» **What the task asks**: Starting at the line below holding "Jordan 3 Retro" and stopping at the line holding "Duckhurst Farm - Junior", print every line exactly, both ends included, and leave the rest out.

» **Source information**:

>>>

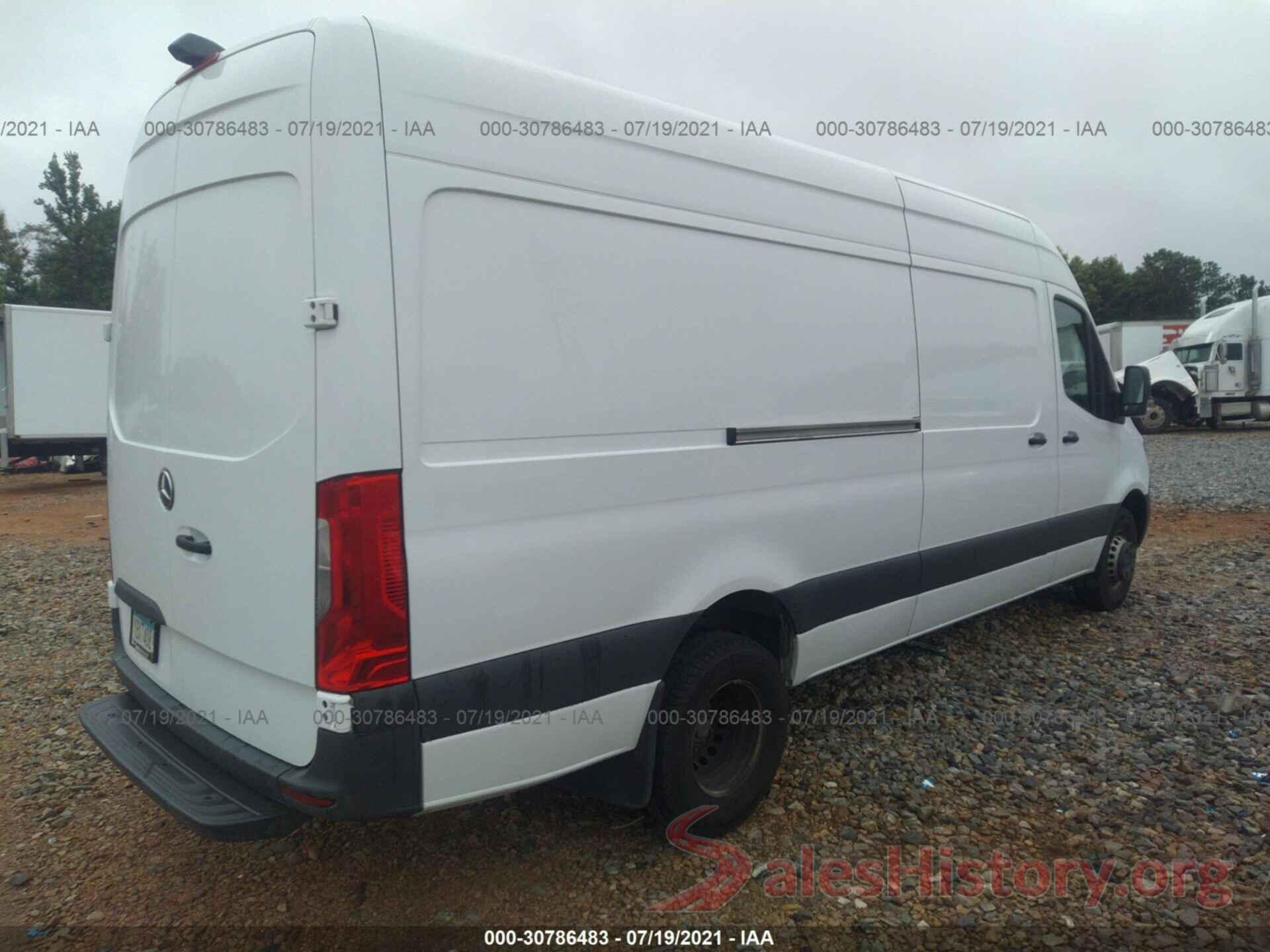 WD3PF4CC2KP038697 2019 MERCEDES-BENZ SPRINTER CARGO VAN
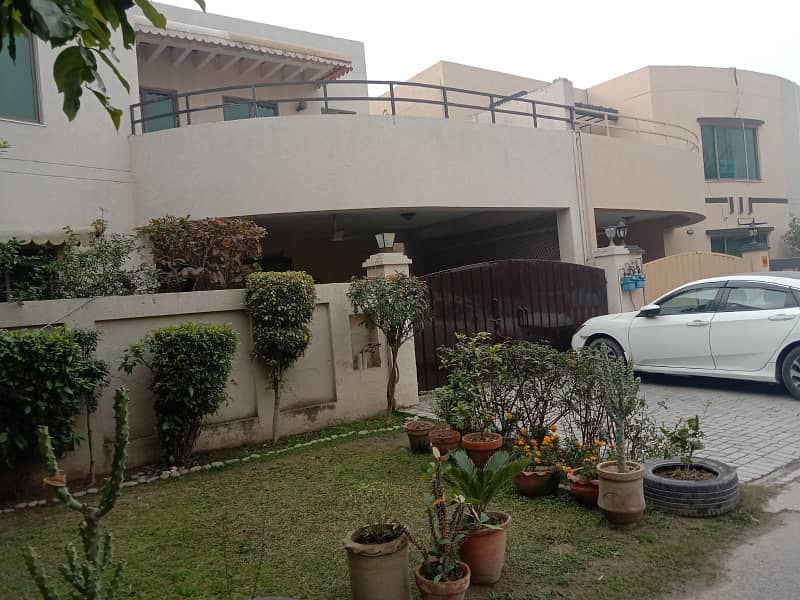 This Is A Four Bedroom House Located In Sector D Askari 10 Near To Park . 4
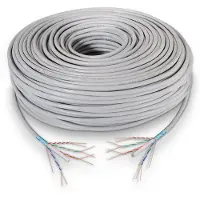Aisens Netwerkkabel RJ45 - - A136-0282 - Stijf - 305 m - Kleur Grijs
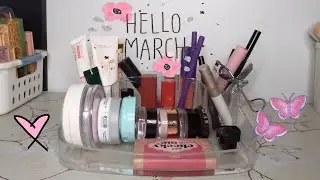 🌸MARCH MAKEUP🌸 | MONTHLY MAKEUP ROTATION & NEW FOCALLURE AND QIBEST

<<<
>>>

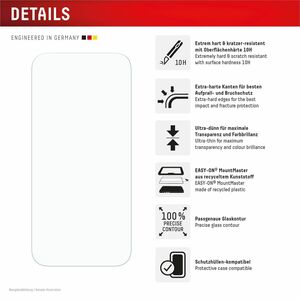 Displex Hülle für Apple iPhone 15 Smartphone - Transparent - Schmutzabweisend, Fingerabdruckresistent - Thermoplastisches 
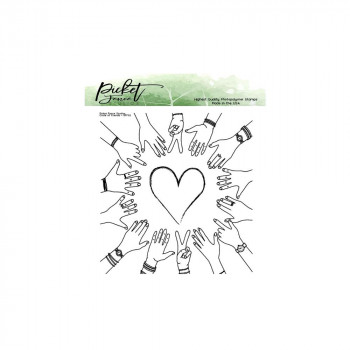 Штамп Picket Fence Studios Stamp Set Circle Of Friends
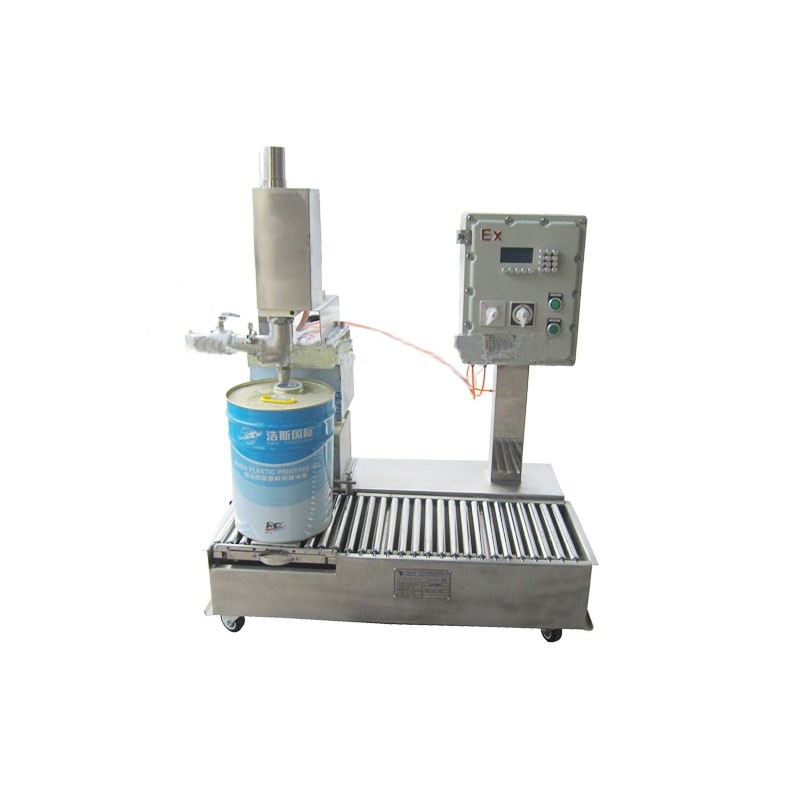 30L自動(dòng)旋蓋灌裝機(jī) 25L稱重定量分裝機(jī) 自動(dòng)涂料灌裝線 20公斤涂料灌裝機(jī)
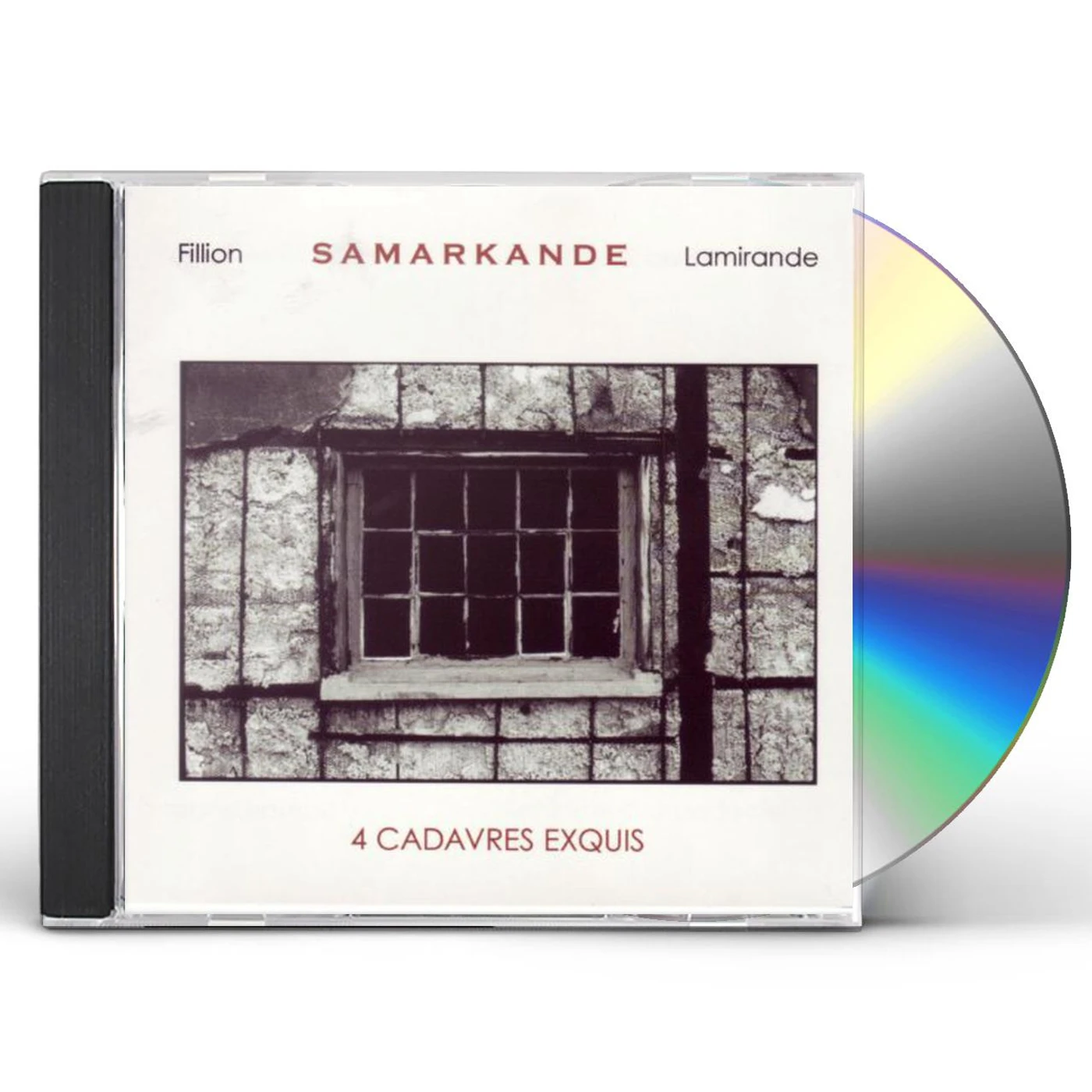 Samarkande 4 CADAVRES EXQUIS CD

<<<
>>>

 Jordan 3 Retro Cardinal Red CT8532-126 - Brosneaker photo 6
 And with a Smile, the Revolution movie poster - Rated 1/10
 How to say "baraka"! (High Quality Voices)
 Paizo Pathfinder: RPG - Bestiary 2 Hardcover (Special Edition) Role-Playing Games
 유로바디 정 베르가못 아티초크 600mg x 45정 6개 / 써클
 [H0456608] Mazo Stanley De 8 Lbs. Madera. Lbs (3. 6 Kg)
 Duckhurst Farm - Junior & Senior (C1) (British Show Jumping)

<<<

» **Answer space**:
 Jordan 3 Retro Cardinal Red CT8532-126 - Brosneaker photo 6
 And with a Smile, the Revolution movie poster - Rated 1/10
 How to say "baraka"! (High Quality Voices)
 Paizo Pathfinder: RPG - Bestiary 2 Hardcover (Special Edition) Role-Playing Games
 유로바디 정 베르가못 아티초크 600mg x 45정 6개 / 써클
 [H0456608] Mazo Stanley De 8 Lbs. Madera. Lbs (3. 6 Kg)
 Duckhurst Farm - Junior & Senior (C1) (British Show Jumping)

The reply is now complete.